Previously, for the fsdax mem-backend-file, it will register failed with
Operation not supported. In this case, we can try to register it with
On-Demand Paging[1] like what rpma_mr_reg() does on rpma[2].
[1]: https://community.mellanox.com/s/article/understanding-on-demand-paging--odp-x
[2]: http://pmem.io/rpma/manpages/v0.9.0/rpma_mr_reg.3
CC: Marcel Apfelbaum <marcel.apfelbaum@gmail.com>
Signed-off-by: Li Zhijian <lizhijian@cn.fujitsu.com>
---
V2: add ODP sanity check and remove goto
---
migration/rdma.c | 73 ++++++++++++++++++++++++++++++------------
migration/trace-events | 1 +
2 files changed, 54 insertions(+), 20 deletions(-)

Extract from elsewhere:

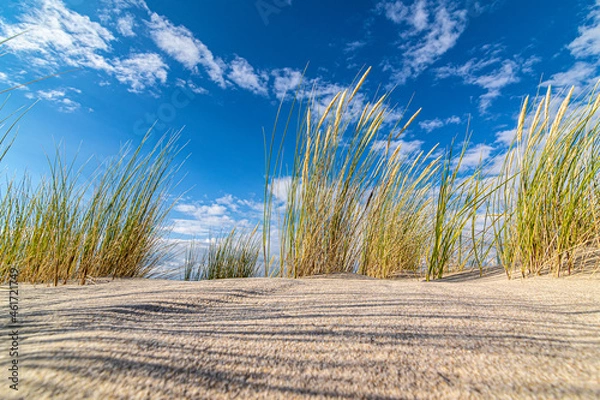 Obraz grass on the beach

diff --git a/migration/rdma.c b/migration/rdma.c
index 5c2d113aa94..eb80431aae2 100644
--- a/migration/rdma.c
+++ b/migration/rdma.c
@@ -1117,19 +1117,47 @@ static int qemu_rdma_alloc_qp(RDMAContext *rdma)
return 0;
}
+/* Check whether On-Demand Paging is supported by RDAM device */
+static bool rdma_support_odp(struct ibv_context *dev)
+{
+ struct ibv_device_attr_ex attr = {0};
+ int ret = ibv_query_device_ex(dev, NULL, &attr);
+ if (ret) {
+ return false;
+ }
+
+ if (attr.odp_caps.general_caps & IBV_ODP_SUPPORT) {
+ return true;
+ }
+
+ return false;
+}
+
static int qemu_rdma_reg_whole_ram_blocks(RDMAContext *rdma)
{
int i;
RDMALocalBlocks *local = &rdma->local_ram_blocks;
for (i = 0; i < local->nb_blocks; i++) {
+ int access = IBV_ACCESS_LOCAL_WRITE | IBV_ACCESS_REMOTE_WRITE;
+
local->block[i].mr =
ibv_reg_mr(rdma->pd,
local->block[i].local_host_addr,
- local->block[i].length,
- IBV_ACCESS_LOCAL_WRITE |
- IBV_ACCESS_REMOTE_WRITE
+ local->block[i].length, access
);
+
+ if (!local->block[i].mr &&
+ errno == ENOTSUP && rdma_support_odp(rdma->verbs)) {
+ access |= IBV_ACCESS_ON_DEMAND;
+ /* register ODP mr */
+ local->block[i].mr =
+ ibv_reg_mr(rdma->pd,
+ local->block[i].local_host_addr,
+ local->block[i].length, access);
+ trace_qemu_rdma_register_odp_mr(local->block[i].block_name);
+ }
+
if (!local->block[i].mr) {
perror("Failed to register local dest ram block!");
break;
@@ -1215,28 +1243,33 @@ static int qemu_rdma_register_and_get_keys(RDMAContext *rdma,
*/
if (!block->pmr[chunk]) {
uint64_t len = chunk_end - chunk_start;
+ int access = rkey ? IBV_ACCESS_LOCAL_WRITE | IBV_ACCESS_REMOTE_WRITE :
+ 0;
trace_qemu_rdma_register_and_get_keys(len, chunk_start);
- block->pmr[chunk] = ibv_reg_mr(rdma->pd,
- chunk_start, len,
- (rkey ? (IBV_ACCESS_LOCAL_WRITE |
- IBV_ACCESS_REMOTE_WRITE) : 0));
-
- if (!block->pmr[chunk]) {
- perror("Failed to register chunk!");
- fprintf(stderr, "Chunk details: block: %d chunk index %d"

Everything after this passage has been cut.